You may be wondering if there’s a better age to leave your baby for overnight sleepovers. Below, we look at the factors to consider, so you can make a decision that’s right for your family.
The Best Age For Baby Sleepovers
There’s no specific age that babies are recommended to start having overnight sleepovers. But your baby’s needs tend to be higher when they’re younger, making sleepovers trickier.
It’s important to evaluate your baby’s needs when deciding if they’re ready. For example, if your baby is newborn or is still breastfeeding regularly, leaving them with a sitter for so long is going to be an additional challenge. It’s not impossible, but it means you need to think ahead about how all your baby’s needs will be met.
Parents explains that the “overnighter sweet spot” is between 4 and 9 months old. At this point, breast-fed babies are likely being nursed less or are starting to wean off the boob. The baby also doesn’t wake up as much at night and is more comfortable in their environment.
But Don’t Wait Too Long
Waiting too long to get your baby used to overnight sleepovers can actually do you a disservice. Separation anxiety tends to become stronger when a baby is between 9 and 15 months, Dr. Ari Brown told Parents. This can pose more of a challenge.
In general, the younger your baby is when they begin having sleepovers, the more used to it, they’ll become.

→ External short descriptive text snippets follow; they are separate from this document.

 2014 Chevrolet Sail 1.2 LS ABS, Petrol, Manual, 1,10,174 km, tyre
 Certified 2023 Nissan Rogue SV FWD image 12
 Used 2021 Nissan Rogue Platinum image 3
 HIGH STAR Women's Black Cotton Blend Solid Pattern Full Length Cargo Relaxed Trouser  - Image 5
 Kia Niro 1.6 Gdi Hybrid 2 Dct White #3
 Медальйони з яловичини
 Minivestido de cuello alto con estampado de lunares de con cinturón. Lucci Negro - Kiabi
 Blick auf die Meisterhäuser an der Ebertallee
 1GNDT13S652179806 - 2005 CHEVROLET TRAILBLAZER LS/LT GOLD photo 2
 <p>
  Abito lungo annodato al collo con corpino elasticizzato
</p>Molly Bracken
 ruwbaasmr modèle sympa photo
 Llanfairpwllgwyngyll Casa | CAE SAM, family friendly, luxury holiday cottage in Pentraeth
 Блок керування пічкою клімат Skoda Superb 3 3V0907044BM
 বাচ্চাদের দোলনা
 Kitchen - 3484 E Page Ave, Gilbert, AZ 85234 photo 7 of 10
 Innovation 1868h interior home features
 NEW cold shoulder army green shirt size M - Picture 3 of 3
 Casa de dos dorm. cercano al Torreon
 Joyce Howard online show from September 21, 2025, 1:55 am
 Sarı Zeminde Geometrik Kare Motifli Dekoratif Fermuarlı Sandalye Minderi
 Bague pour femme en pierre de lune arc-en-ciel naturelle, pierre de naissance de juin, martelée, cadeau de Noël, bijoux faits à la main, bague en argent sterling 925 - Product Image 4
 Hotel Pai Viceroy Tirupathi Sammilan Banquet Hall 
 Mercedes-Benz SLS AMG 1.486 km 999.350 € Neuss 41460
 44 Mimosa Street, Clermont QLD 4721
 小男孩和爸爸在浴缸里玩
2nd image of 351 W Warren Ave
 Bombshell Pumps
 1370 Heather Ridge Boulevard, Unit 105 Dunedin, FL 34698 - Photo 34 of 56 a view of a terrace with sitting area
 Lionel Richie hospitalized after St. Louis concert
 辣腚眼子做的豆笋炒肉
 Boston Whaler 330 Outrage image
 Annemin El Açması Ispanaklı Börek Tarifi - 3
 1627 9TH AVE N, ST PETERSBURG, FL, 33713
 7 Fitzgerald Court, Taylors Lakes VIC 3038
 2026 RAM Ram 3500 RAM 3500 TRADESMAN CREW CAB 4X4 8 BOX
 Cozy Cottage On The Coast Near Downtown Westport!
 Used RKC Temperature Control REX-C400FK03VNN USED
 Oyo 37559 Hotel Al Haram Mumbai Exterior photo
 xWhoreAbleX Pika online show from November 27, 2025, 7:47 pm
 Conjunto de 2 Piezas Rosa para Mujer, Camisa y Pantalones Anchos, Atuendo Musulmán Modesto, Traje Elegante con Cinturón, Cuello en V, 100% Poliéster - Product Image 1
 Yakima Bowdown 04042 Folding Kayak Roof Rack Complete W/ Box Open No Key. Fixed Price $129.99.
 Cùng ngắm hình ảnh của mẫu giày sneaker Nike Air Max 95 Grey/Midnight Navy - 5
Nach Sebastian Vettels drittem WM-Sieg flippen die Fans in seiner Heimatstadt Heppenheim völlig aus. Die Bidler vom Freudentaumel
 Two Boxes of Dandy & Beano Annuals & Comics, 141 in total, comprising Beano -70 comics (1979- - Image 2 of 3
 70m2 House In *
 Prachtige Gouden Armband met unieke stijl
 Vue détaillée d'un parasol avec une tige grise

If you know you’ll be letting your baby sleepover regularly, getting a head start may be in your best interest, even if your baby’s needs are higher at the time.
Find Ways To Stay Connected
To help your baby feel secure during a sleepover, it’s important to find ways to stay connected with them. Don’t hesitate to video chat or phone call your infant, so long as you don’t think it’ll upset them. Be sure to send them off with their favorite items, especially if they have a toy or book that reminds them of mom and dad. They may even like having a framed photo of you to look at and hold onto.
For babies that are very young (or those with trouble at bedtime), consider giving them an item that physically reminds them of their parents. Mini Ducklings recommends a soothie sleeve, which allows parents to use their own scent to comfort their child, thereby helping decrease separation anxiety. Parents sleep with the sleeve, so it picks up their scent, and then they put it back on the stuffed animal, which their baby can cuddle and sleep with for comfort.
Just remember that babies should be 12-months old before they’re allowed to sleep with a stuffed animal (or anything that could inhibit their breathing).